- [Given entries]
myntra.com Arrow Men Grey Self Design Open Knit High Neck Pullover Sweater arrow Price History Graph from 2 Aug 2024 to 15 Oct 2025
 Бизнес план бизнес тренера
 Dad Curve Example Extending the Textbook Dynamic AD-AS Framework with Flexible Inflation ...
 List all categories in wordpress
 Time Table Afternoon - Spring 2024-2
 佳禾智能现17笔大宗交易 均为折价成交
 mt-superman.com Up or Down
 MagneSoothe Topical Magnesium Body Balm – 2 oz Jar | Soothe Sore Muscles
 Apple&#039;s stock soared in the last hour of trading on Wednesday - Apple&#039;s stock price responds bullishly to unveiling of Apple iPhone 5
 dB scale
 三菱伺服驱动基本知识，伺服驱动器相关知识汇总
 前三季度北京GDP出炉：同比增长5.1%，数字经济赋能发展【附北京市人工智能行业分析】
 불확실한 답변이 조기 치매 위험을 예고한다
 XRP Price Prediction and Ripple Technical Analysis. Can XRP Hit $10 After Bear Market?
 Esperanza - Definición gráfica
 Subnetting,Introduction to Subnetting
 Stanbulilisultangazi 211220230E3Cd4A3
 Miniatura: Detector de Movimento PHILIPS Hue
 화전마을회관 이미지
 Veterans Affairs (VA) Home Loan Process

- [What to produce]
From the line containing "XRP Price Prediction" through the last line of the records above, reproduce every line exactly.

- [Written reply]
 XRP Price Prediction and Ripple Technical Analysis. Can XRP Hit $10 After Bear Market?
 Esperanza - Definición gráfica
 Subnetting,Introduction to Subnetting
 Stanbulilisultangazi 211220230E3Cd4A3
 Miniatura: Detector de Movimento PHILIPS Hue
 화전마을회관 이미지
 Veterans Affairs (VA) Home Loan Process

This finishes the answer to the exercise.